■ **Exercise description**: Begin at the line where "Black girl's hat" appears and reproduce exactly every line through the end of the data below, both included, skipping pictures.

(Captioned web images)
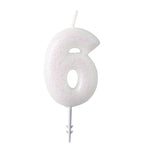 Zahlen Geburtstagskerze Glitzer Weiß Rosa 6,5cm | Zahl 6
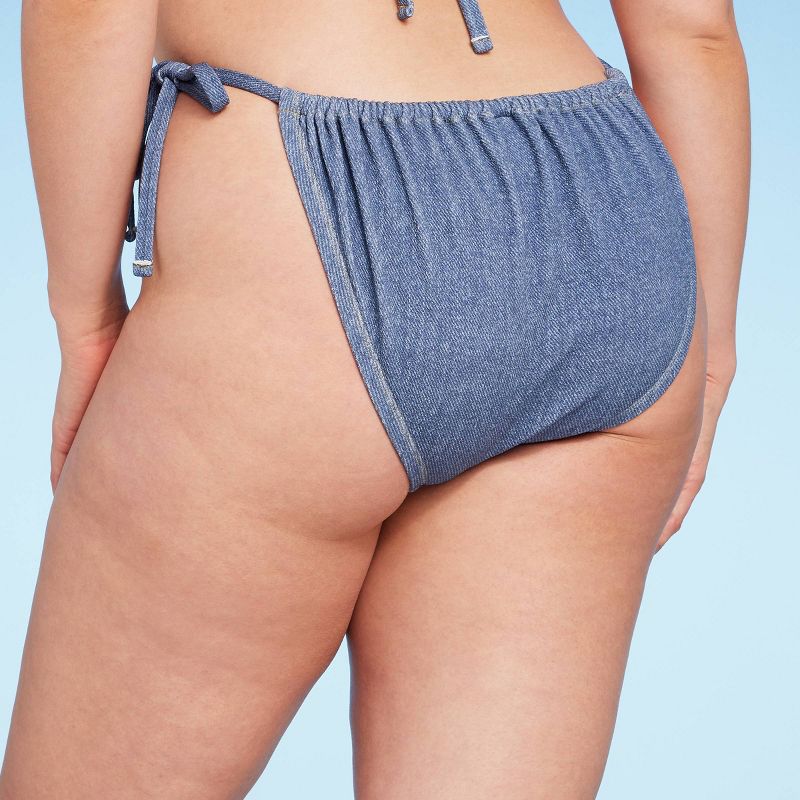 Women's Denim Textured Side-Tie High Leg Cheeky Bikini Bottom - Wild Fable™ Dark Denim Blue, 3 of 5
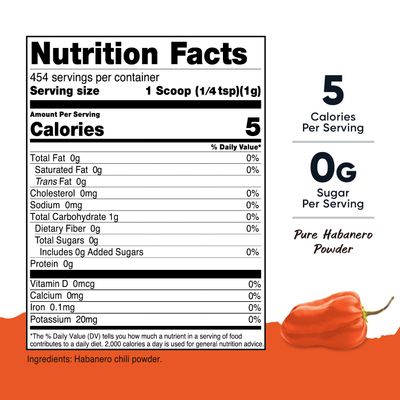 Nutricost Pantry Habanero Powder (1 Pound Per Bottle) - Pure Powdered Habanero : Great for Spicy Snacks, Cooking, Soups, Salsa, and More!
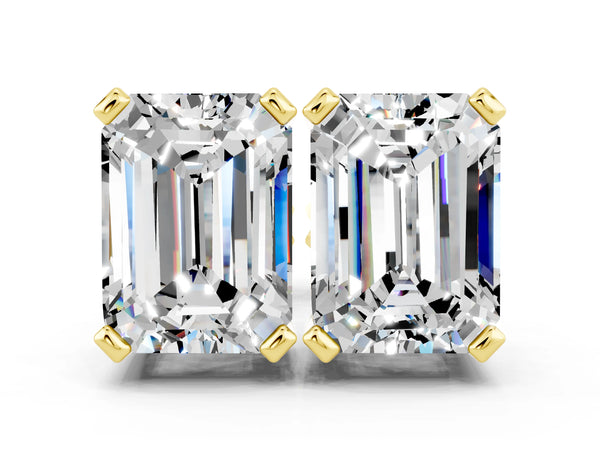 Yellow gold Emerald Cut Moissanite Stud Earrings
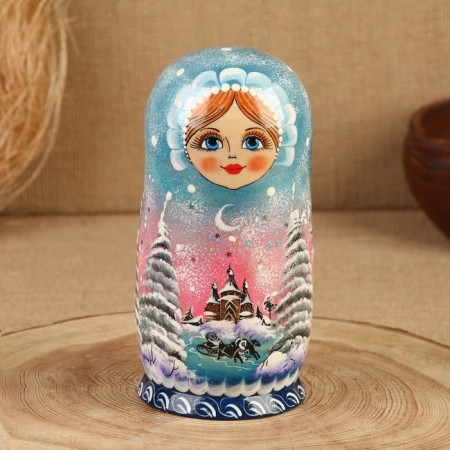 Nesting doll "Winter", Blue, 5 puppet, suite-9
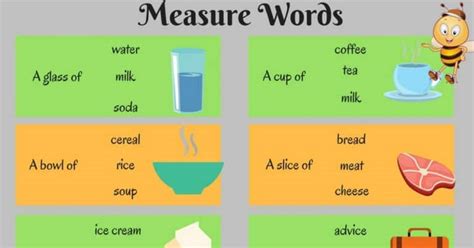 English Grammar Measure Words With Uncountable Nouns Eslbuzz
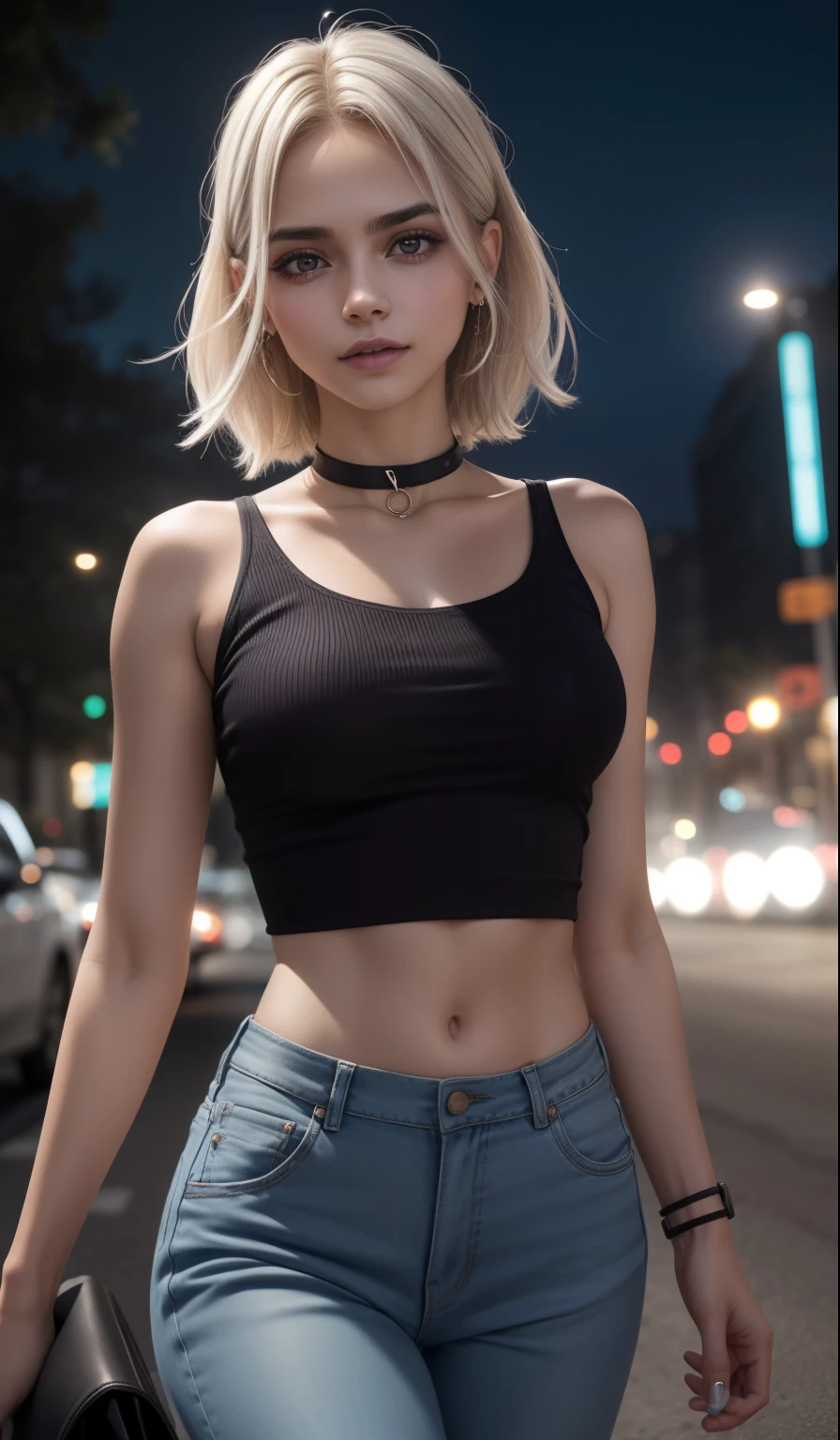 masterpiece, best quality, nsfw, 1girl, platinum blonde hair, short hair, green eyes, braids, small perky breasts, on the street, night, neon light, white t-shirt, braless, black pants, poker face, front view, standing, in crowd,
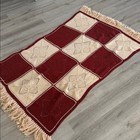 Vintage Handmade Crochet Afghan Throw Blanket Red Cream Granny Square Fringe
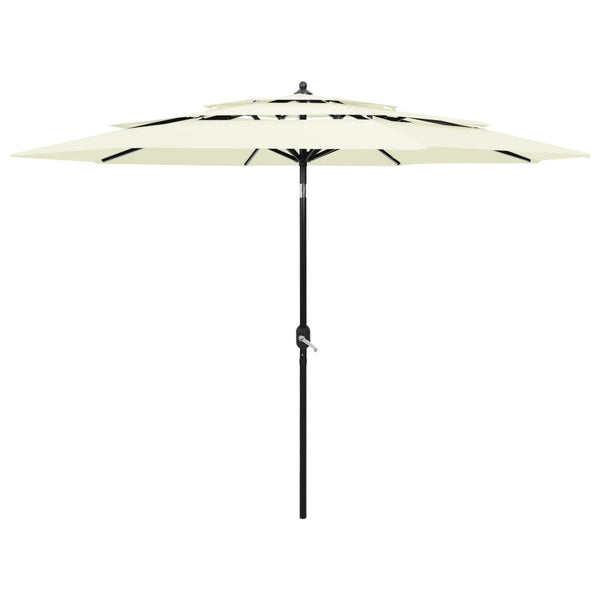 3 Tier Parasol With Aluminium Pole Sand M Patio Umbrellas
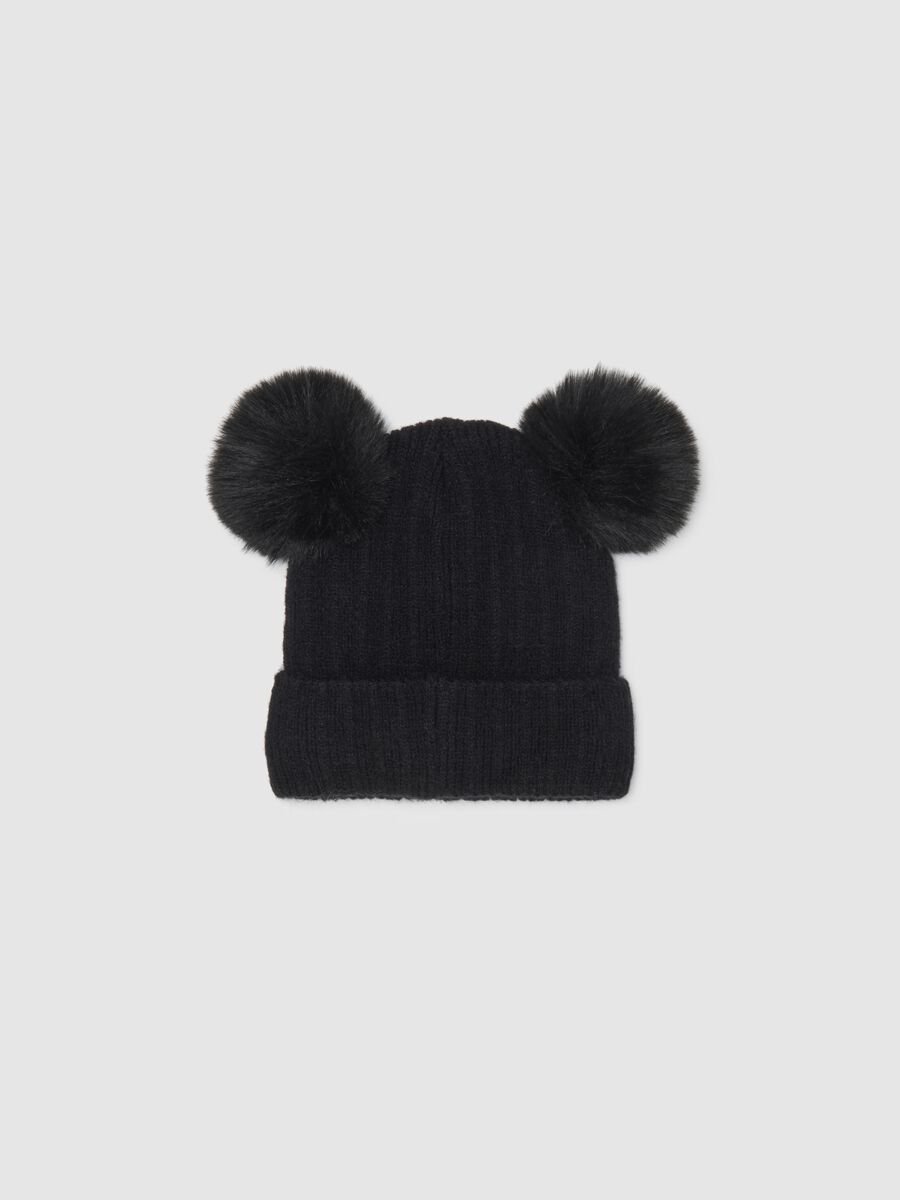 Black girl's hat with pom-pom and Disney embroidery_1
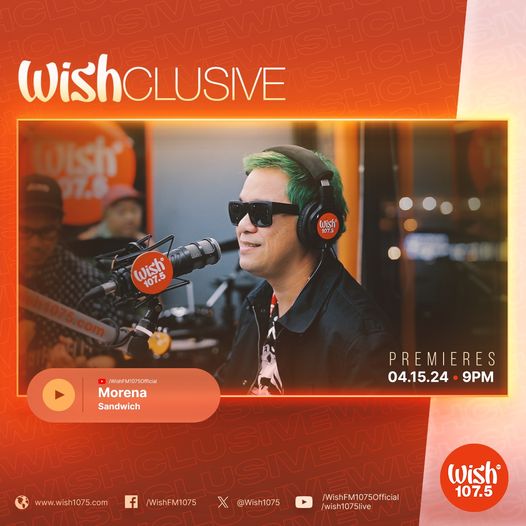 Catch the Wishclusive premiere of @subsandwich's latest single 'Morena' drops tonight on @wish1075  YouTube channel, 9PM!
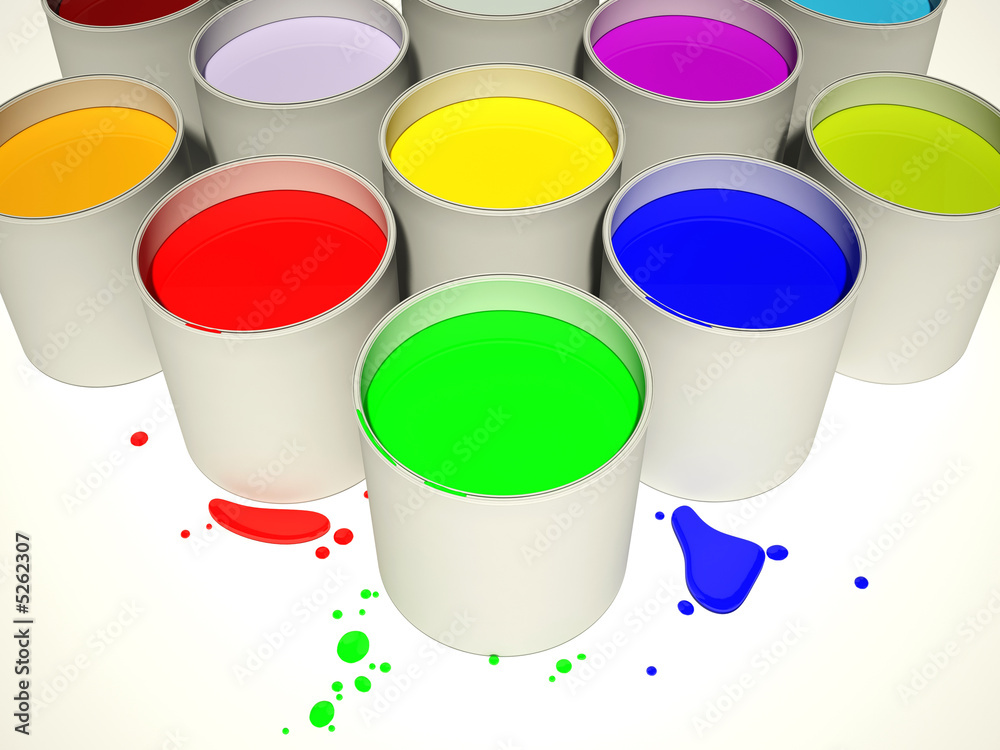 Illustrazione Stock Barattoli di vernice colorata | Adobe Stock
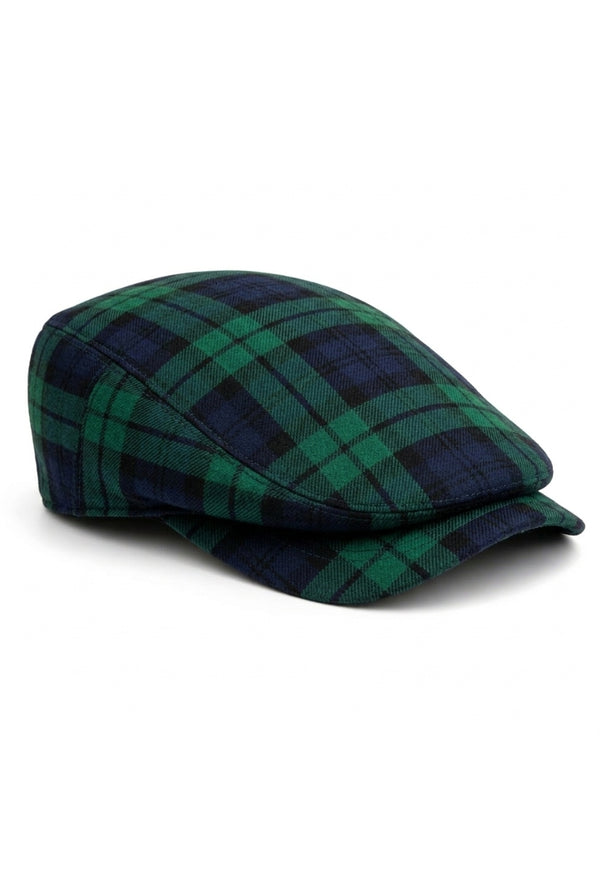 Campbell Button Down Plaid Flat Cap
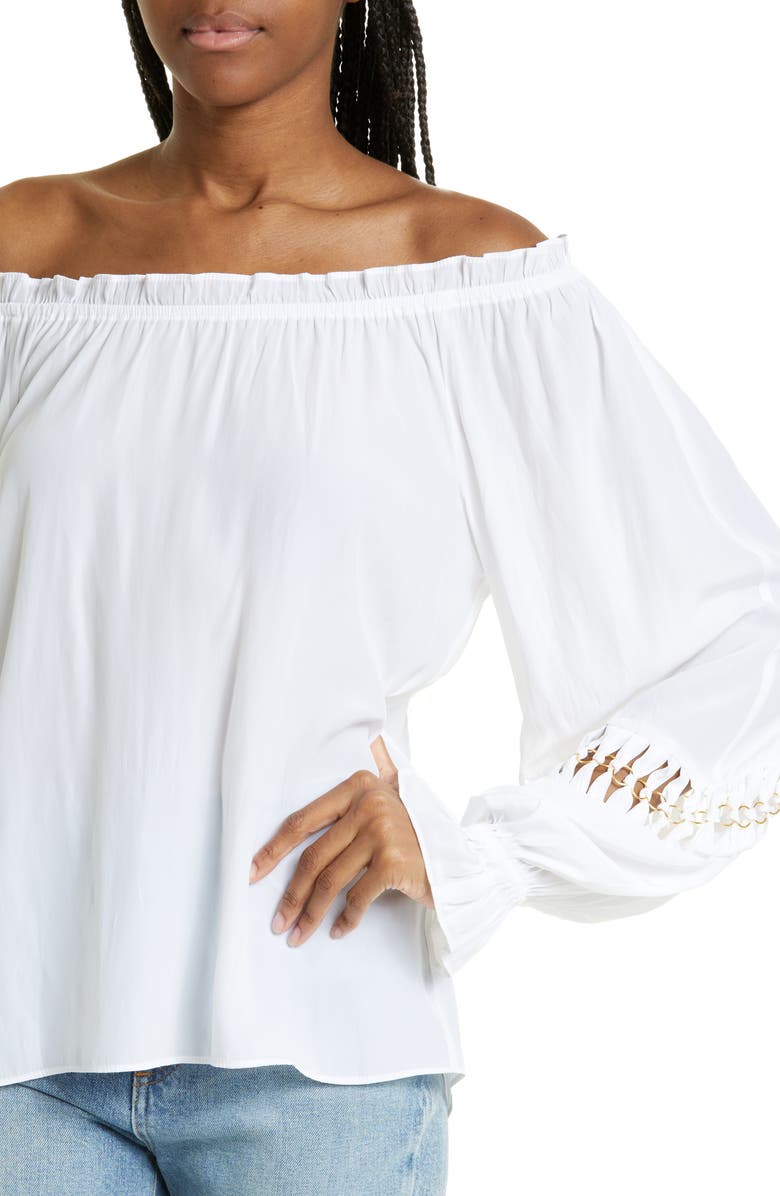 Ramy Brook Lili Chain Detail Off the Shoulder Blouse, Alternate, color, 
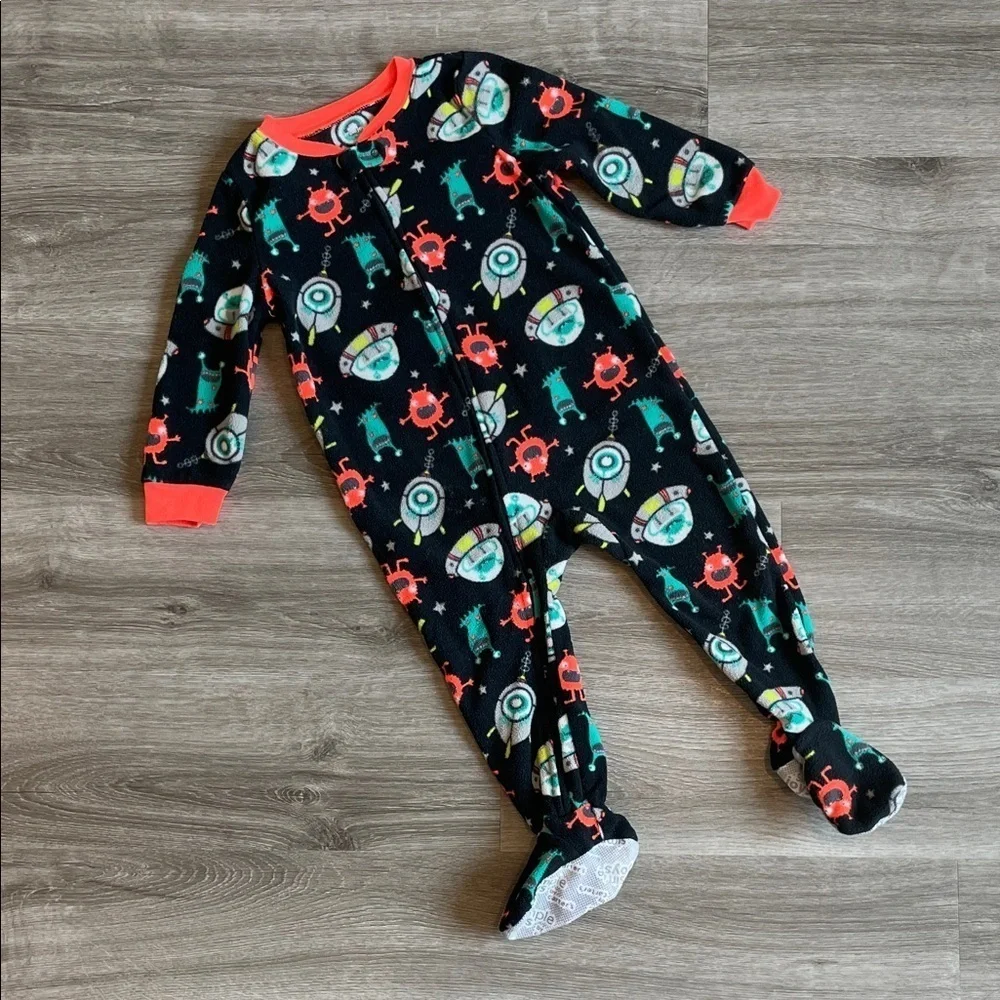 Carter's baby boys fleece zip up footie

■ **Answer below**:
 Black girl's hat with pom-pom and Disney embroidery_1
 Catch the Wishclusive premiere of @subsandwich's latest single 'Morena' drops tonight on @wish1075  YouTube channel, 9PM!
 Illustrazione Stock Barattoli di vernice colorata | Adobe Stock
 Campbell Button Down Plaid Flat Cap
 Ramy Brook Lili Chain Detail Off the Shoulder Blouse, Alternate, color, 
 Carter's baby boys fleece zip up footie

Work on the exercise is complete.